Hopefully godwilling, I will be getting a 1080P HDTV and 1080P HD-DVD or Blue Ray player either at the end of this year, or the start of next year, and I was just wondering if Dish will be making any 1080P receivers by then and if there will be any 1080p programming out there.


----------



## tnsprin (Mar 16, 2003)

Jack White said:


> Hopefully godwilling, I will be getting a 1080P HDTV and 1080P HD-DVD or Blue Ray player either at the end of this year, or the start of next year, and I was just wondering if Dish will be making any 1080P receivers by then and if there will be any 1080p programming out there.


Probably never. Might be nice if they supported native passthru including 1080p24 and 1080p30 IF some suppliers started supporting it. 1080P60 is not part of the ATSC standard.


----------



## BoisePaul (Apr 26, 2005)

I doubt that any content providers are going to be quick to make any kind of move to 1080p. 1080p30 isn't going to give you any additional picture information above what you get with 1080i, and assuming that some content providers decide to forget the ATSC standard and start doing 1080p at 60fps, where is the bandwidth necessary to support that going to come from?


----------



## Bill R (Dec 20, 2002)

BoisePaul said:


> I doubt that any content providers are going to be quick to make any kind of move to 1080p.

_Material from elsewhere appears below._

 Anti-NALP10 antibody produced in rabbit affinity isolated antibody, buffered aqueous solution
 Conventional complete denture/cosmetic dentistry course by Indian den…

In the last six months I have talked to engineers at every local station (Cincinnati) and all of them feel as Paul stated, "they doubt it". All of the stations have spent a lot of money converting to digital and upgrading to 1080p will cost them a LOT more money. For the networks, it would cost quite a bit and most of them don't think it is worth it until a good deal of 1080p material is available.


----------



## P Smith (Jul 25, 2002)

It was menioned (leaked to) 1080p support by Scott recently; I would suggest Dish have an idea to make 1080p OUTPUT from HD receiver, not to increase satellite's bandwidth !


----------



## kmcnamara (Jan 30, 2004)

If the broadcasters changed to 1080P, wouldn't that alienate nearly everyone out there? All of a sudden, everyone's existing HDTV receiver would no longer be able to receive the signal because (as mentioned above) 1080P isn't an ATSC standard. I doubt this will happen for years, if ever. Besides, if people want 1080P, they can get a scaler and do it that way.


----------



## tnsprin (Mar 16, 2003)

BoisePaul said:


> I doubt that any content providers are going to be quick to make any kind of move to 1080p. 1080p30 isn't going to give you any additional picture information above what you get with 1080i, and assuming that some content providers decide to forget the ATSC standard and start doing 1080p at 60fps, where is the bandwidth necessary to support that going to come from?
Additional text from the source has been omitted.